| EXERCISE GOAL |
Whichever lines of the entries hold the word "Industrial" should be identified and copied.

Segment Start: RECORDS FOR THIS EXERCISE

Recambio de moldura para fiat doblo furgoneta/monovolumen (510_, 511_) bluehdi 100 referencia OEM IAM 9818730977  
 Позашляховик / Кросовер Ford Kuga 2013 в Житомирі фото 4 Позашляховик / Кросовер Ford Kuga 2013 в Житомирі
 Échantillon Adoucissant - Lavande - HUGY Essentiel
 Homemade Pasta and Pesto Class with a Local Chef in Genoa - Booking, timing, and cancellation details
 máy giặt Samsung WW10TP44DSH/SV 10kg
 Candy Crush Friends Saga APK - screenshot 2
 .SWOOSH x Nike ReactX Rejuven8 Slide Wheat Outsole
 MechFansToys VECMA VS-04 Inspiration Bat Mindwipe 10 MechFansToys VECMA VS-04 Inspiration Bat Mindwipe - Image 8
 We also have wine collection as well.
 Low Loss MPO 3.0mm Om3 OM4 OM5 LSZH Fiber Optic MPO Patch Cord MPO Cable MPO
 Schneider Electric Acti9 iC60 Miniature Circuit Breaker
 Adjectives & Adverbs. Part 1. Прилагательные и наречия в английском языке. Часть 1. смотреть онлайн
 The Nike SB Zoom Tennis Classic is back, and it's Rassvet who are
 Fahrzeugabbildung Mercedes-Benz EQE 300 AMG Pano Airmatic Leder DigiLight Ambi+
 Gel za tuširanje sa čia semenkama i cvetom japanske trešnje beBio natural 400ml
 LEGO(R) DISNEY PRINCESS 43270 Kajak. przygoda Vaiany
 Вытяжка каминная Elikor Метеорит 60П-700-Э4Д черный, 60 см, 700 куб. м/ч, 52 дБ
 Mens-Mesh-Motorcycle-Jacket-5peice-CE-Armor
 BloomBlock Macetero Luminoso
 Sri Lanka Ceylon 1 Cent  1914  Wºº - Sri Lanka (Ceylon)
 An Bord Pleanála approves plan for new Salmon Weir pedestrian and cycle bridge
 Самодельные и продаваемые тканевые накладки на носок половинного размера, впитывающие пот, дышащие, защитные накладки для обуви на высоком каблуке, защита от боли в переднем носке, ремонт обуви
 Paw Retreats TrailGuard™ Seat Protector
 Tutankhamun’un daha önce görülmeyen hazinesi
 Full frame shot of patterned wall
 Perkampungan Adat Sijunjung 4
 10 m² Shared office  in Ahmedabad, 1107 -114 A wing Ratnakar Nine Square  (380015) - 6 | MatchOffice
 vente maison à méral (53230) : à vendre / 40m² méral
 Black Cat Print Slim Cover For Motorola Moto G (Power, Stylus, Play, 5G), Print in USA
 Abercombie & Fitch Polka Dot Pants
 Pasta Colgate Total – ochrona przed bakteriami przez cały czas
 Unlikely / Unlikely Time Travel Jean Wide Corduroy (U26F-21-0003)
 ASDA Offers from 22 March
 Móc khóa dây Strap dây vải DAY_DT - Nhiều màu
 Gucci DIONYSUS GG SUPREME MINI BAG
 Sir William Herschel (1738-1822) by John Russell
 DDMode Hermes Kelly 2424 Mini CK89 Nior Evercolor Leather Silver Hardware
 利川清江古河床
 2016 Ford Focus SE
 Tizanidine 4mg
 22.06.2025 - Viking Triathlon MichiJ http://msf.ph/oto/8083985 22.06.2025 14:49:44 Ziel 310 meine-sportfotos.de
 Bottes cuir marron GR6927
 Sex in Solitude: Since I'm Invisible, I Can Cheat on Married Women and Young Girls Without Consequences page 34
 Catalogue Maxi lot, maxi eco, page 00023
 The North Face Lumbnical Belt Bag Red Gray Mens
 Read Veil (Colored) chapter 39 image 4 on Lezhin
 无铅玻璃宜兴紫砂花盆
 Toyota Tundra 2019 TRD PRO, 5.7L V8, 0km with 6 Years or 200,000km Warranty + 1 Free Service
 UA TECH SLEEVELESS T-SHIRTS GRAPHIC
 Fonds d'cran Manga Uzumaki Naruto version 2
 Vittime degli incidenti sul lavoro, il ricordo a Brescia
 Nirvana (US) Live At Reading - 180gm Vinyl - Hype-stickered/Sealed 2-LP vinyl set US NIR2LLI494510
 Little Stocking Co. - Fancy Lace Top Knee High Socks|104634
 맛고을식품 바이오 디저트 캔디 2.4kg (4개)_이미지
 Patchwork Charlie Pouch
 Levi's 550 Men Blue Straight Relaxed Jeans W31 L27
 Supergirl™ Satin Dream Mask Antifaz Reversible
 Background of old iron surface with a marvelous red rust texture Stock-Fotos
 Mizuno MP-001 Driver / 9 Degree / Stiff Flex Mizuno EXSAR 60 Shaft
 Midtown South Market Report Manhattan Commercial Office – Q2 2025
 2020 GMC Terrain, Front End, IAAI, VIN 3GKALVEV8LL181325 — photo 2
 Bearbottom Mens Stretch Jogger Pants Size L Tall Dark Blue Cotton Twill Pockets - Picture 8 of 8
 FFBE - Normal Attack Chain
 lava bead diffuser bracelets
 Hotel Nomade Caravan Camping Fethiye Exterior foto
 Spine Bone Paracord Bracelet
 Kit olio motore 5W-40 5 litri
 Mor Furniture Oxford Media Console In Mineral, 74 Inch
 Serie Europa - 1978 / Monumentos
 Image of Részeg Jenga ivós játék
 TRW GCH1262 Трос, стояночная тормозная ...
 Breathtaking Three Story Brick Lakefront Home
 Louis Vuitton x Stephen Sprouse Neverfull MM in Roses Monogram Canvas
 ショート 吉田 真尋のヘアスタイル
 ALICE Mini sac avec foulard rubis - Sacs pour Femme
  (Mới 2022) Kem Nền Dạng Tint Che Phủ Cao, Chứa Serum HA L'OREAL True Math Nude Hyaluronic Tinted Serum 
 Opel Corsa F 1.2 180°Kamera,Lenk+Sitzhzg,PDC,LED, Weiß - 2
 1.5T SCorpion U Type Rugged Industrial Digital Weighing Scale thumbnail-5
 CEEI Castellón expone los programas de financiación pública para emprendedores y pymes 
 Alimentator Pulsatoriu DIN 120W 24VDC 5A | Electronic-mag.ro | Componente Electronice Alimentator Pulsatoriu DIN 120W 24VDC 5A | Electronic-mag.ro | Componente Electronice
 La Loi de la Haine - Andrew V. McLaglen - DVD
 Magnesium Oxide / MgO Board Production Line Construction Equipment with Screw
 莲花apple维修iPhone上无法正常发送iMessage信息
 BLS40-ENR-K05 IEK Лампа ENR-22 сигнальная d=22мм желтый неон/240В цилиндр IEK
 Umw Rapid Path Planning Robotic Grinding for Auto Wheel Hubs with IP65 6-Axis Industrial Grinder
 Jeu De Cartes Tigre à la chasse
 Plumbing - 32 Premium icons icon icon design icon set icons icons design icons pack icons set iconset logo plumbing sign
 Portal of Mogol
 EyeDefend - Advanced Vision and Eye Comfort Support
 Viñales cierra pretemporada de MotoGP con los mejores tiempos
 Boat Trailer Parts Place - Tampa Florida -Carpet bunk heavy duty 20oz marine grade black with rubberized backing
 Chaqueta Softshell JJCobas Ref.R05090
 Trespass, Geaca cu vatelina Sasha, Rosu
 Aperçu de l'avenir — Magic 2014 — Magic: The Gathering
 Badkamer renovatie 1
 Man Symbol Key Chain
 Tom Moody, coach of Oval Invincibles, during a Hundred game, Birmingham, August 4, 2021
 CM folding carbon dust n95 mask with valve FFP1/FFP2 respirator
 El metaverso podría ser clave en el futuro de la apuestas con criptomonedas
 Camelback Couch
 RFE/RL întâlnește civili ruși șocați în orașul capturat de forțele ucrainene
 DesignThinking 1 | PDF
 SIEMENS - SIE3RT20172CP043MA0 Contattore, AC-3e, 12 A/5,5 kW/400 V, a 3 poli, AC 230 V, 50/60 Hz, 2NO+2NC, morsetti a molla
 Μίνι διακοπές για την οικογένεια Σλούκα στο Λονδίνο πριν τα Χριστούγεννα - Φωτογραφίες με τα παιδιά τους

Segment End: RECORDS FOR THIS EXERCISE

| WRITTEN RESPONSE |
 1.5T SCorpion U Type Rugged Industrial Digital Weighing Scale thumbnail-5
 Umw Rapid Path Planning Robotic Grinding for Auto Wheel Hubs with IP65 6-Axis Industrial Grinder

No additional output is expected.